Oleh: Yusuf Blegur
Mantan Presidium GMNI
SUNGGUH amoral jika belum pantas disebut biadab. Belum hilang ingatan publik dari kasus Ferdy Sambo di tubuh Polri. Belum selesai luka dan rasa sakit akibat tragedi Kanjuruhan.
Kini kekuasaan bertingkah lagi dengan pengerahan massa relawan dengan biaya besar dan tak bermanfaat di GBK.
Tujuan hanya sekedar menyampaikan capres berambut putih dan syahwat perpanjangan kekuasaan tiga periode, saat tanah pemakaman korban gempa belum kering dan warga Cianjur diselimuti penderitaan. Ini rezim, sepatutnya disebut manusia atau apa ya?

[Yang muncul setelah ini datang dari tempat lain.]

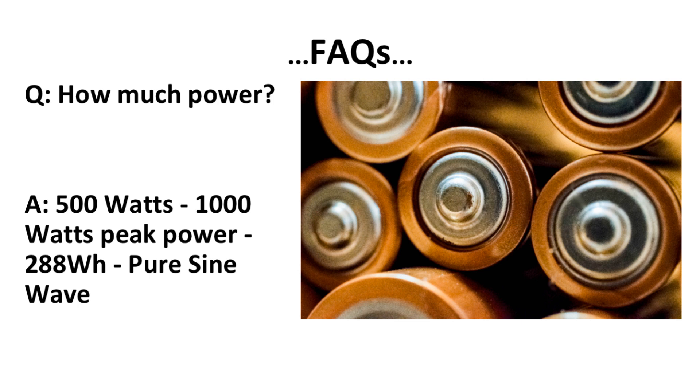How much power is in this generator? There are 500 watts of output and 1,000 watts of peak power, so you can run energy-intensive items. It also has 288 watt hours of energy, and it is pure sine wave.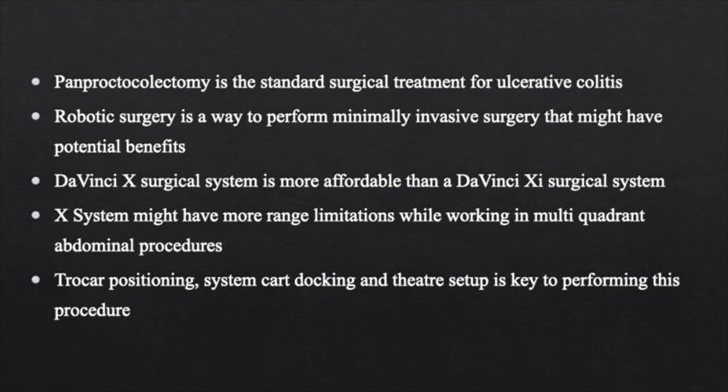Trocar positioning, system cart docking, and theatre setup are key to performing this procedure with an X-System in a safe and effective way.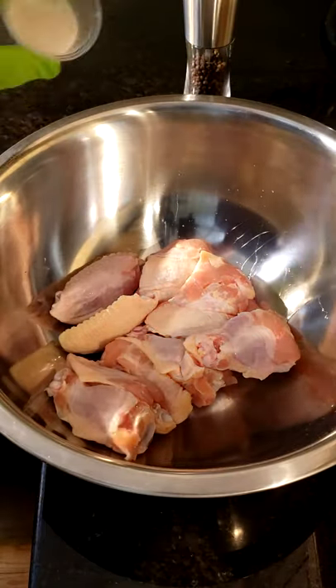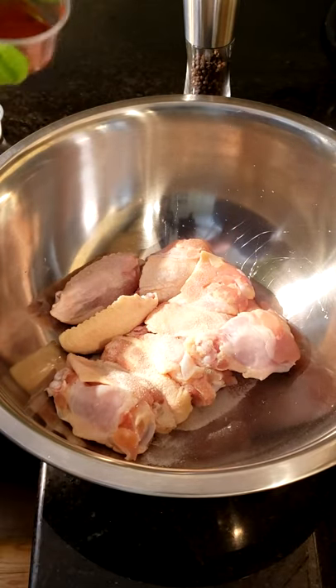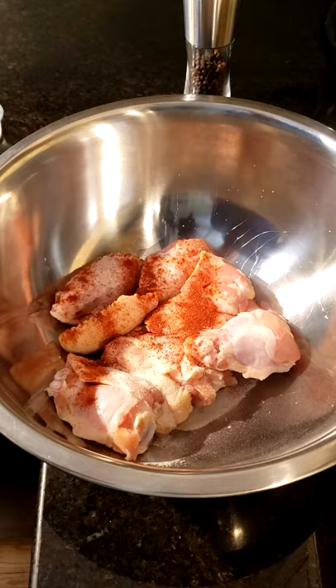Get your bowl, throw your chicken in. Half a tablespoon of garlic salt, half a tablespoon of onion salt, three quarters of a tablespoon of paprika, and salt and pepper to taste.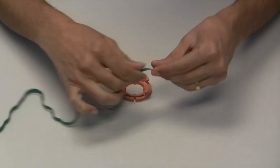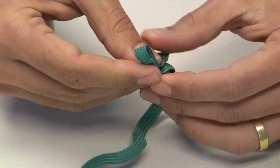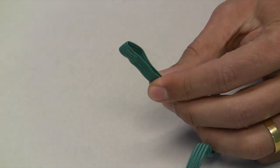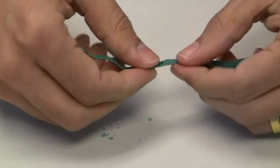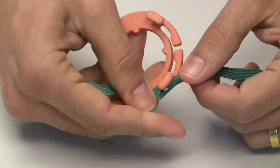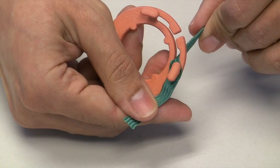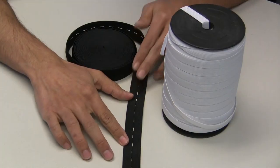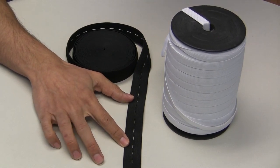We previously demonstrated use of our mask with elastics found on standard non-rebreather masks. To use these straps with our adapter, you can cut holes into the ends and similarly fasten them to the pegs. Many types of elastic straps, with and without pre-made holes, are commercially available.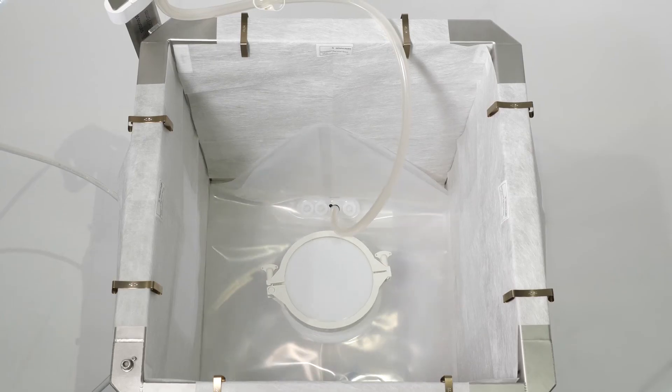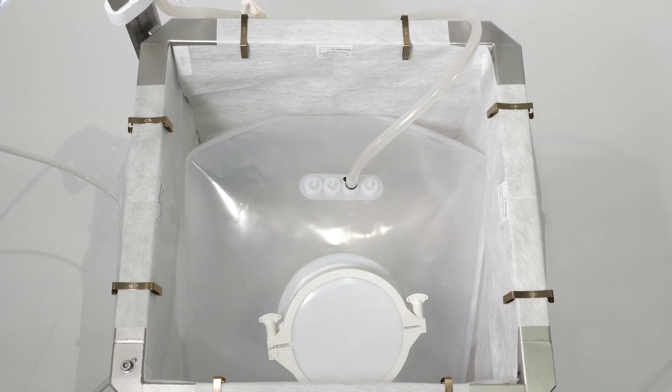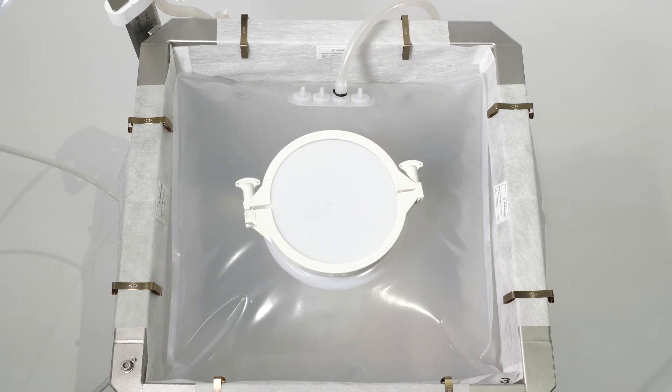Start filling the mixing bag with air. When the pressure is reached, after a few minutes depending on the bag volume, the airflow stops. Close the compressed air supply.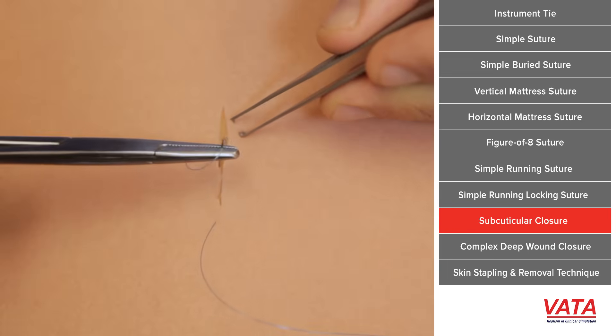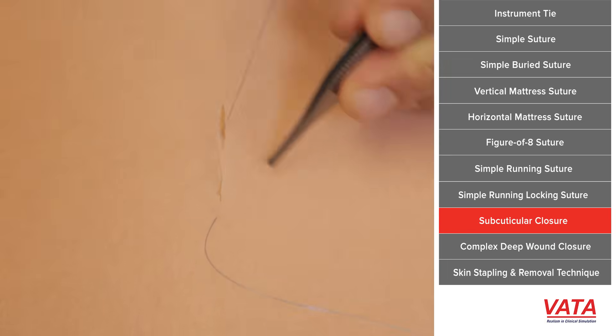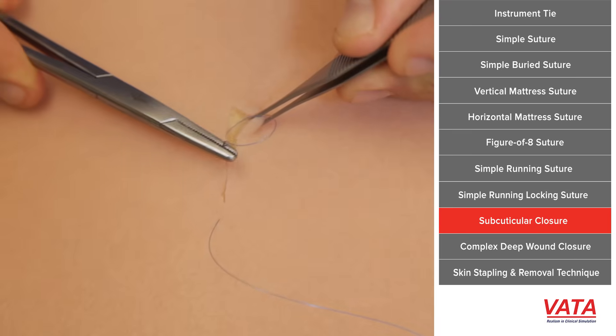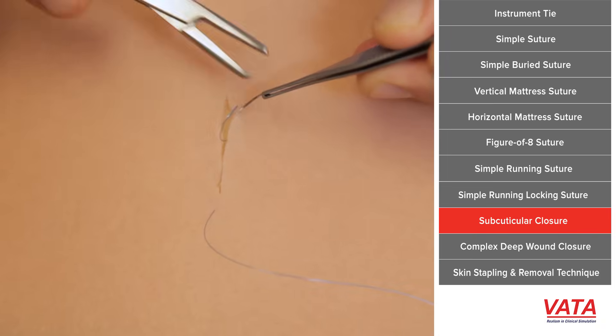What you see is I'm pulling the suture across to show where the next stitch should be, so I make sure there's no bunching. Over time you'll find that it really doesn't matter how much you advance as long as you're doing the same amount each time.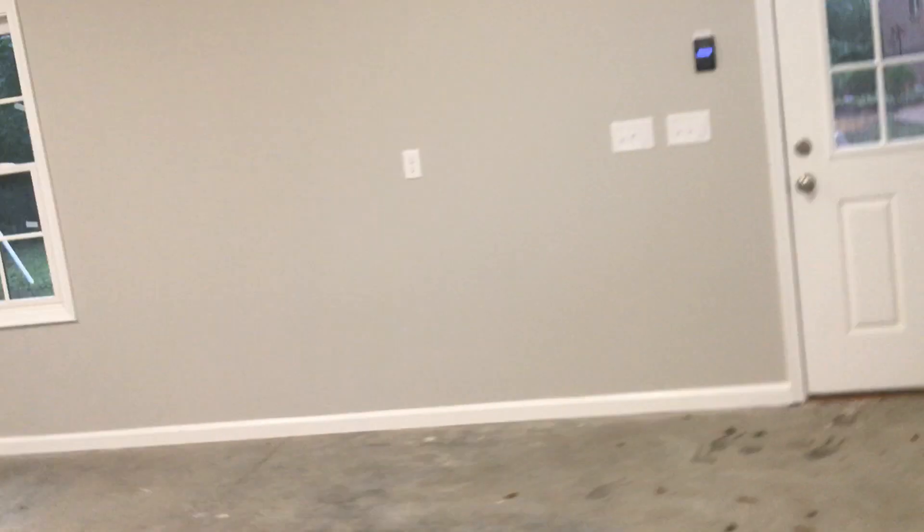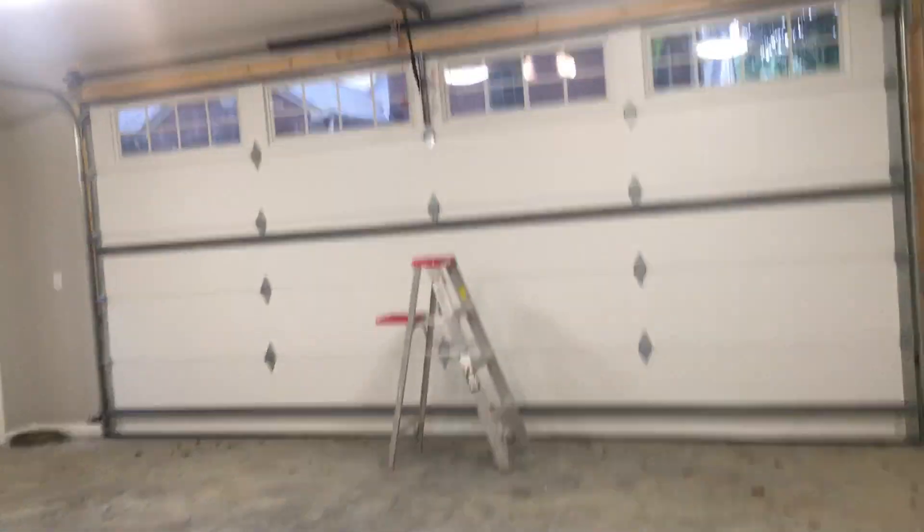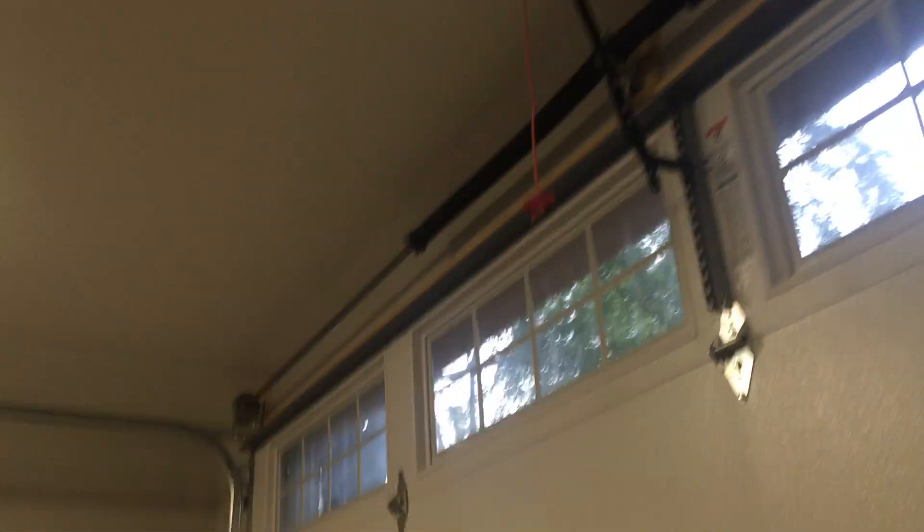Today I'm going to do the balance release test here. I'll just hold it. Let's go up on the ladder and just pull the rope.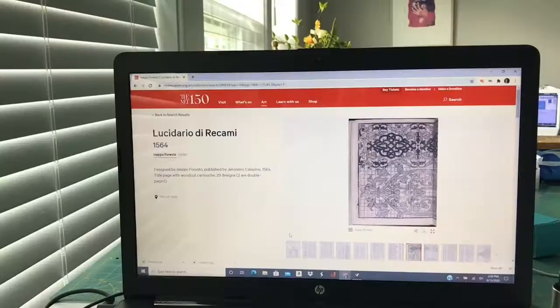Hey everyone, this is Amber from DSA Threads and today I'm going to show you how I made an Italian pocket from the 16th century, also called a sacocia, using my computer.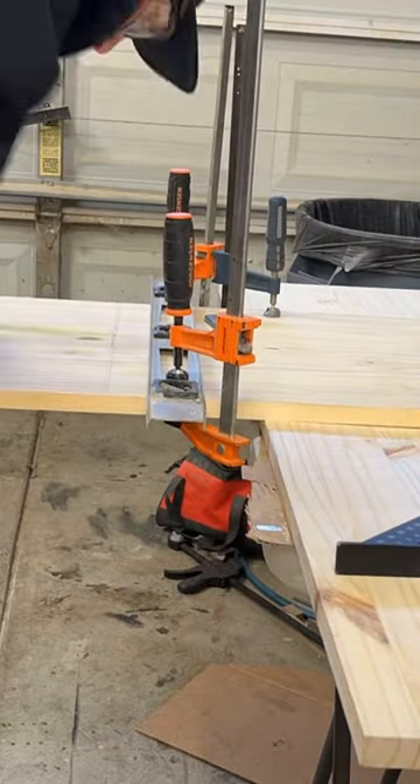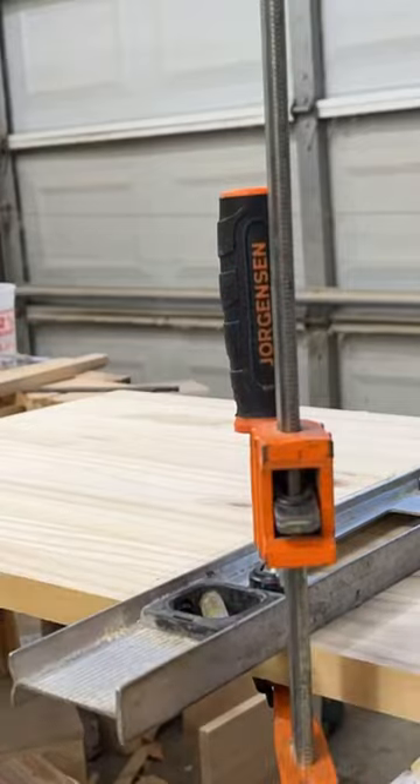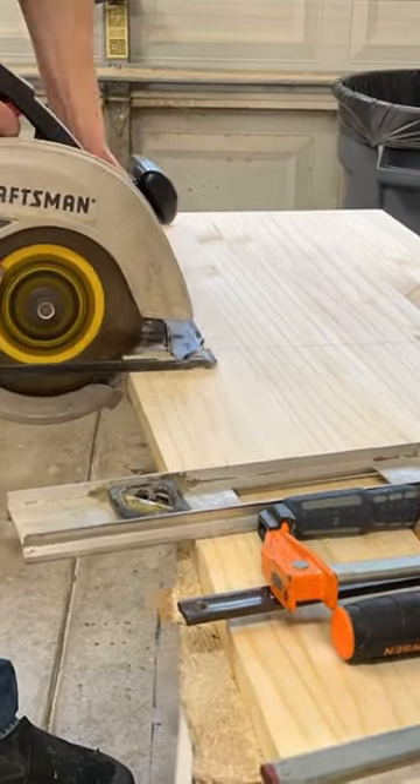I'm using this little trick with the level, some clamps, and a speed square to make sure it's all squared off. Then here I'm just cutting the diagonal angle and I just took the measurement of that diagonal cut.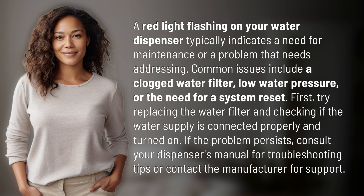First, try replacing the water filter and checking if the water supply is connected properly and turned on. If the problem persists, consult your dispenser's manual for troubleshooting tips or contact the manufacturer for support.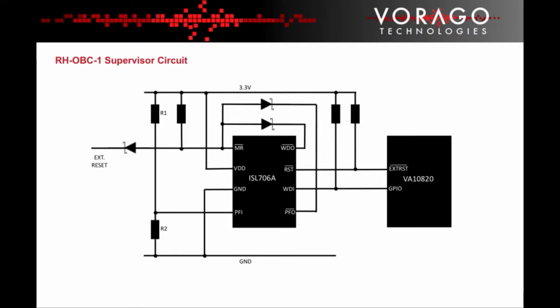The supervisor circuit in the system performs three important functions. The first function is to hold the MCU in reset until the power supply reaches an appropriate level to power up the MCU. The second important function is to observe the system power supply as a latch-up warning monitor. Non-radiation hardened components are the biggest concern for latching up due to radiation. The third function is to act as an additional independent watchdog.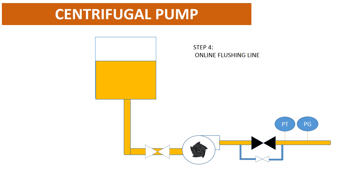Step 4: online flushing line. Some pumps have an internal flushing or external flushing line. With an external flushing line, we need to adjust the flushing flow rate before starting the pump.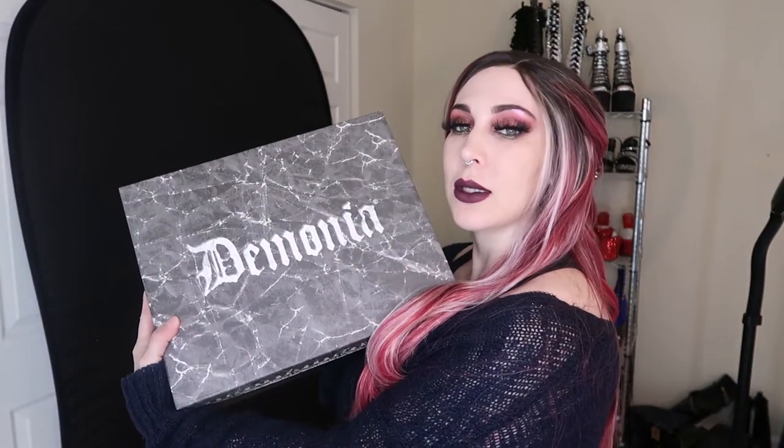This is the box. These are the sandals I purchased. To say the name of them on the side — Wave 09 Black Patent Sandals. So I'm going to go ahead and give you my opinion on these sandals. I'm going to go ahead and open them up.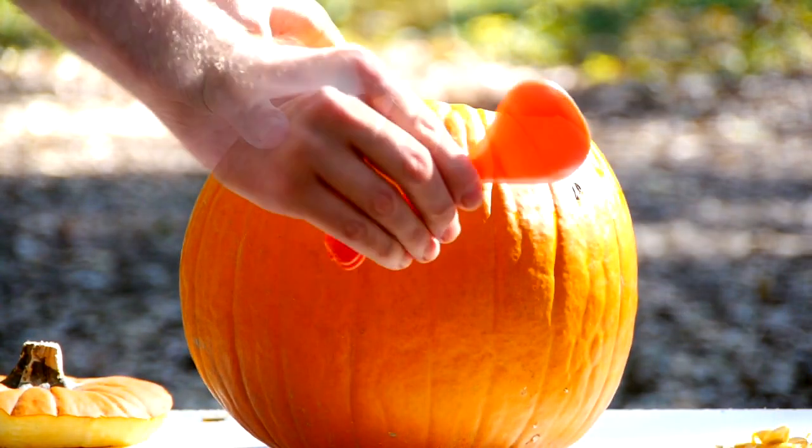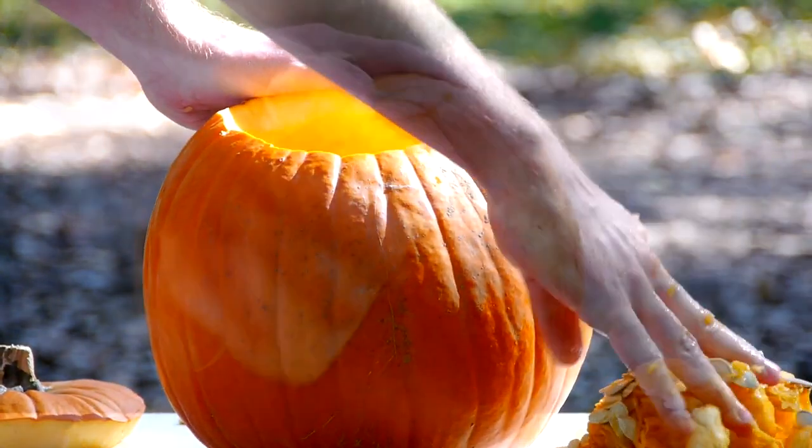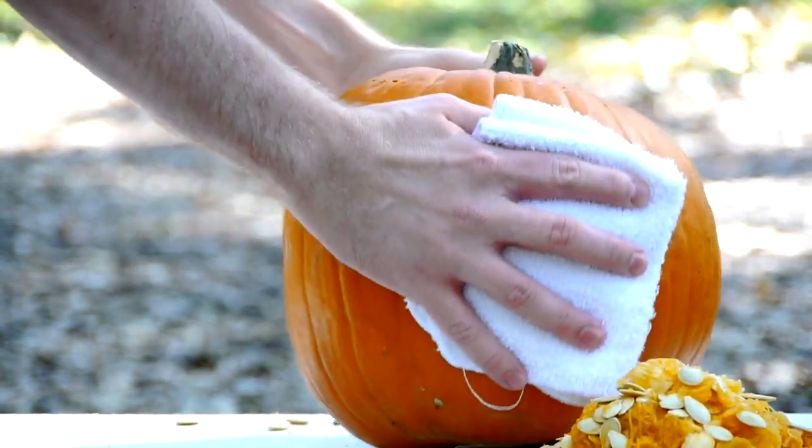Ewww! Thirdly, scrape even more guts out. Ewww! Therefore, leaving you with a very clean pumpkin.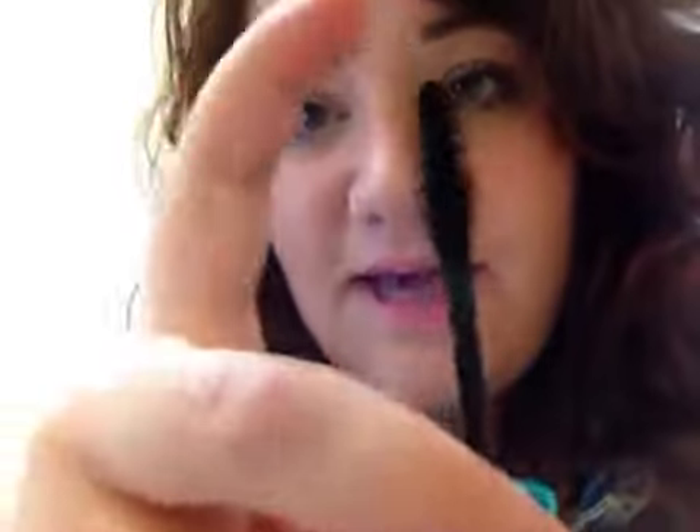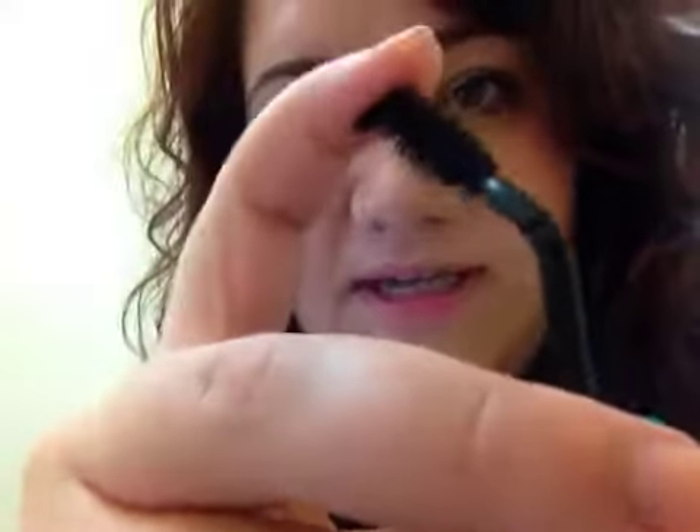I'm going to unscrew it now — you learn how to do things one-handed sometimes. It comes in a tube like this, but the thing I really like about it is that it's super bendy. Right? Look at that. And look when I put it on — it doesn't cake on.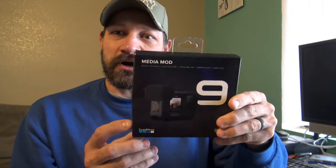Black edition — this is a fabulous camera. I've been using this camera and noticed that the audio isn't as good as it could be, so I thought I would pick up this mod — this is the Media Mod.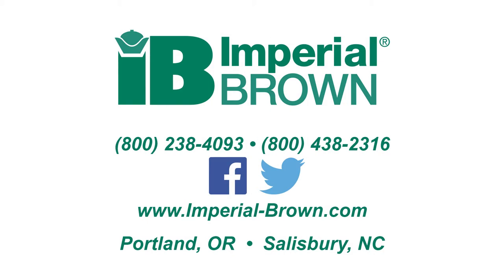More technical videos are available from the Imperial Brown website or directly on the Imperial Brown YouTube channel. Leave us a comment on YouTube, Facebook, or Twitter and let us know how your adjustment went or to suggest another video.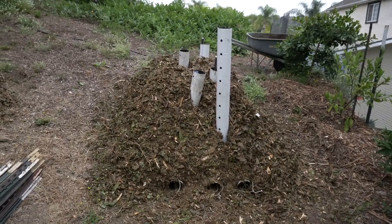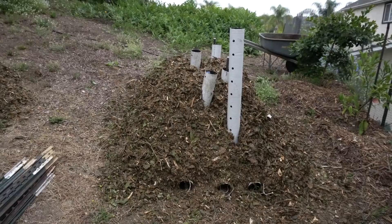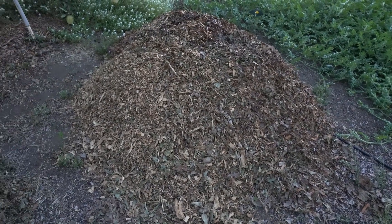Over the past few months, I've been conducting a trial where I've tested three different methods for breaking down wood chips: a static pile that was passively aerated via vent pipes, an actively aerated pile that I manually turned, and a control pile that just sat there and wasn't turned at all. The idea was to get some feel for whether aeration and turning help speed up the decomposition of wood chips.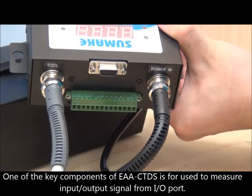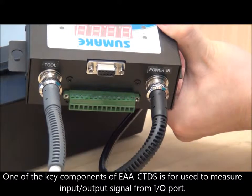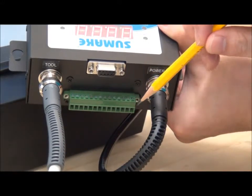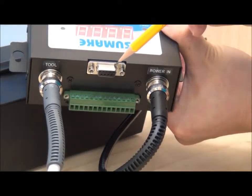One of the key components of the EAA CDTS is the IO port, which allows users to input or output signals — shown here — to fit assembly line applications. There is also an RS232 port, pointed out here, for connectivity.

Dua periode kepemimpinan Presiden Joko Widodo bukan hanya jauh dari harapan rakyat Indonesia. Perilaku kekuasaan atas nama demokrasi dan konstitusi itu telah menampilkan tabiat otoriter dan diktator secara terang-benderang. Kehancuran sistem dan rezim hipokrit secara perlahan dan pasti berhasil membawa republik ini menuju negara gagal.
Pembangunan fisik yang mengabaikan studi kelayakan dan skala prioritas, hanya menjadi kedok dari proyek rente, syahwat korup dan jebakan utang. Selain mangkrak, pembangunan pelbagai infrastruktur seperti jalan tol, kereta api cepat dan IKN menyebabkan terkurasnya uang negara secara sia-sia hingga menyebabkan krisis ekonomi dan krisis multidimensi.
Kebutuhan pokok rakyat seperti sembako, gas, listrik dan pelayanan publik lainnya, kalah keutamaannya oleh ambisi proyek mercusuar dan legacy yang muluk-muluk.
Jokowi, sosok pemimpin yang lemah dari segi kapasitas yang ditandai dengan ketiadaan visi kenegaraan, mengandalkan tindakan represi dan bahkan telah merusak tatanan nilai-nilai secara struktural dan kultural.
Itu menyebabkan rezim yang berafiliasi atau menjadi sub koordinat ideologi kapitalis dan komunis tersebut perlahan tapi pasti telah menggerus sendiri keberadaan dan eksistensi Pancasila, UUD I945 dan NKRI.
Tak cukup membungkam demokrasi dan membelenggu konstitusi, kekuasaan dengan tipikal Machiavellis tersebut seakan telah memiliki keharusan untuk meminggirkan peran agama, khususnya Islam.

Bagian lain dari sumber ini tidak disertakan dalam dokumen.